Go for Quality over Quantity. As you are increasing your vegetables, healthy fats and protein, cut down on the portion sizes of your high carbohydrate foods. Did you know that you should eat about a cup of pasta in a meal? Half a cup of potatoes or rice is a standard serving size. Use a measuring cup to serve your portions and become acquainted with how much a true portion is by remembering what the portion size looks like on your plate. Eliminate the open spaces on your plate by using a smaller plate to feel full and satisfied.
Be Choosy About Taste. Don't waste your food choices on boring or less-than-delicious food. Have a 2 x 2-inch piece of a really great cake, or a small scoop of premium ice cream. One square of really good dark chocolate can satisfy anyone.
Choose Brown over White. Select brown rice instead of white rice, and whole-wheat bread instead of white. When possible, eat your grains whole instead of ground into flour. Look for whole-grain ingredients on food labels. Some people find a "no white diet" to be an easy way to cut back on carbs -- no white potatoes, white rice, white sugar, or white flour. If that seems too extreme, become aware of white ingredients and cut-back on portions, or choose a healthier alternative.

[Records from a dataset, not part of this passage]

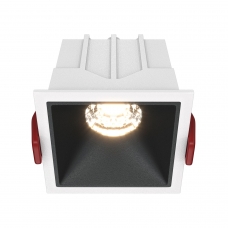 Встраиваемый светильник Maytoni Alfa LED DL043-01-10W3K-D-SQ-WB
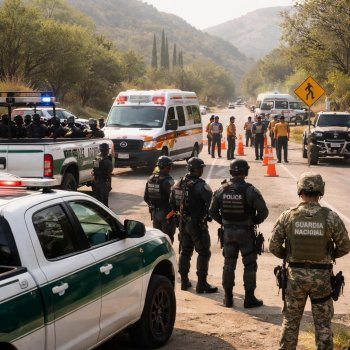 Gobierno de San Luis Potosí activa operativo 'Semana Santa Segura 2026' con despliegue multinivel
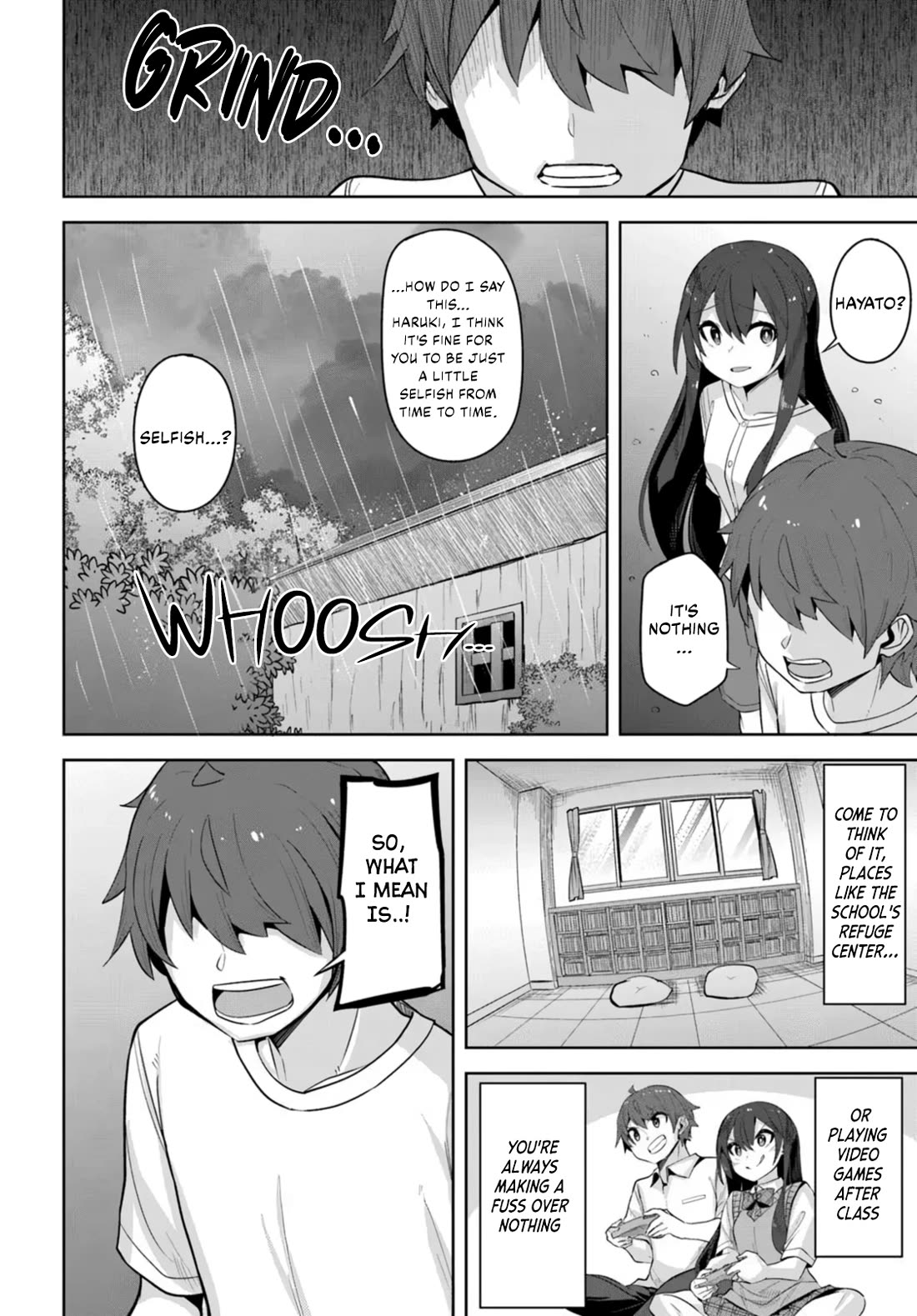 Tenkosaki: The Neat and Pretty Girl at My New School Is a Childhood Friend of Mine Who I Thought Was a Boy chapter 36 page 8
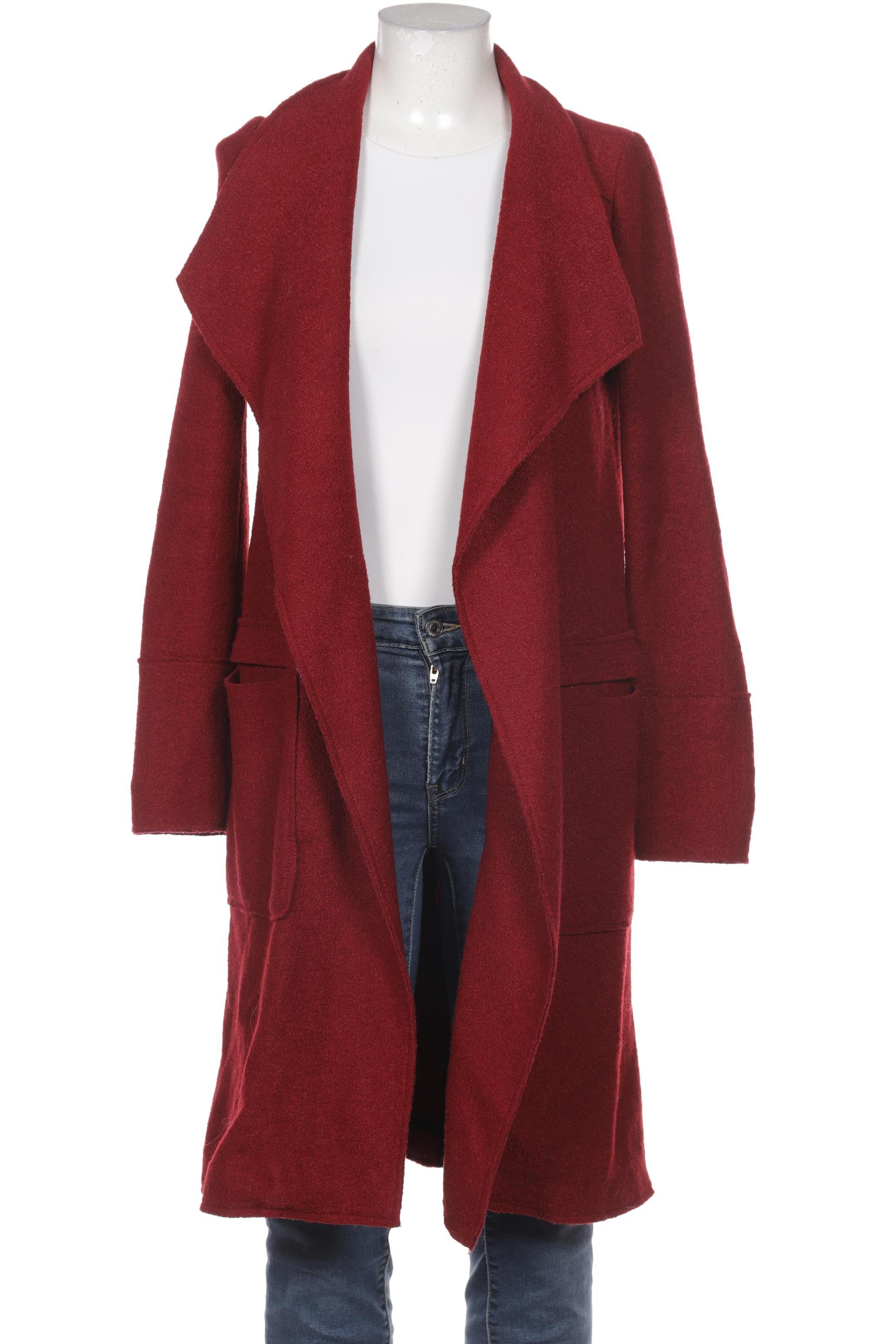 

Zara Damen Mantel, bordeaux, Gr. 34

Change Up your Eating Habits. Start substituting lower-carb foods for high carb counterparts. Trade sugary cereals for a high-fiber option (3 or more grams of fiber per serving is a good guideline). Cook with whole-wheat pasta or spaghetti squash instead of white pasta. Have a package of nuts at the movie instead of popcorn. Replacing your white potato with a sweet potato offers a nice change of pace and boosts your fiber intake too.
Choose just one of these suggestions and implement it into your meal plan this week. Making an intentional effort to consistently replace bad habits with new ones is crucial for success. Best wishes for a fantastic new year!